GOAL OF THE EXERCISE —
Scan the listing below for the string "Picture" and copy each line where it turns up.

TASK INPUTS —
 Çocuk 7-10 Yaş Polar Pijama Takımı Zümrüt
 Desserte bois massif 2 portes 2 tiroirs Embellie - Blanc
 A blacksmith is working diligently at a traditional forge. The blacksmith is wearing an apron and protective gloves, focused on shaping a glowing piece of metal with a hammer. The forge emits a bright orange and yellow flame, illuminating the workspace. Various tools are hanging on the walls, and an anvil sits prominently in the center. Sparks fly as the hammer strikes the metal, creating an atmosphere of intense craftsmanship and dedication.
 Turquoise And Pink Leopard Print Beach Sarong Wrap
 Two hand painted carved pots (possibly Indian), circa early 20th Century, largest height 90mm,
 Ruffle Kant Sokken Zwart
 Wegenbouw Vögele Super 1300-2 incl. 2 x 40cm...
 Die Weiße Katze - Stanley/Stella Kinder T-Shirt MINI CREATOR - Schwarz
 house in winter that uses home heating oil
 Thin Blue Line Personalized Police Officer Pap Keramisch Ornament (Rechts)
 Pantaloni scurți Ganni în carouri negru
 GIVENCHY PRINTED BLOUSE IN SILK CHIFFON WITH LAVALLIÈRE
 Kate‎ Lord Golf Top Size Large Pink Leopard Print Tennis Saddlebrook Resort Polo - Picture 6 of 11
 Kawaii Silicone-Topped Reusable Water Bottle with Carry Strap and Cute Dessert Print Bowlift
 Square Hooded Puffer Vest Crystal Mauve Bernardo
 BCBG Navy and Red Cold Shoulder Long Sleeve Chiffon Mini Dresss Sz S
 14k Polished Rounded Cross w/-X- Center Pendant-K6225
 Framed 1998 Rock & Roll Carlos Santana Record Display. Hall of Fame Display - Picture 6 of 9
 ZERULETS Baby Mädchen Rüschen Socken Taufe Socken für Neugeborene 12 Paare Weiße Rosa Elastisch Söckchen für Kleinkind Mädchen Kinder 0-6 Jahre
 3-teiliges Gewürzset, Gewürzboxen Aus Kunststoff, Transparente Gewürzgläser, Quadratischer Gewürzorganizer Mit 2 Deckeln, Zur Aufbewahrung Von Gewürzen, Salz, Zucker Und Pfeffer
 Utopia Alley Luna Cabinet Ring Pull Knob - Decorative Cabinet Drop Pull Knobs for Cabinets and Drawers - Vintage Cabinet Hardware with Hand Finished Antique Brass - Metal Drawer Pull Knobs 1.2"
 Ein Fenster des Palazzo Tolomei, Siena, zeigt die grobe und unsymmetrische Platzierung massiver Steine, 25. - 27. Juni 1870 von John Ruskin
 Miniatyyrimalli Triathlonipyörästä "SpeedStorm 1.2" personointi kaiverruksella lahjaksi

ANSWER SPACE —
 Kate‎ Lord Golf Top Size Large Pink Leopard Print Tennis Saddlebrook Resort Polo - Picture 6 of 11
 Framed 1998 Rock & Roll Carlos Santana Record Display. Hall of Fame Display - Picture 6 of 9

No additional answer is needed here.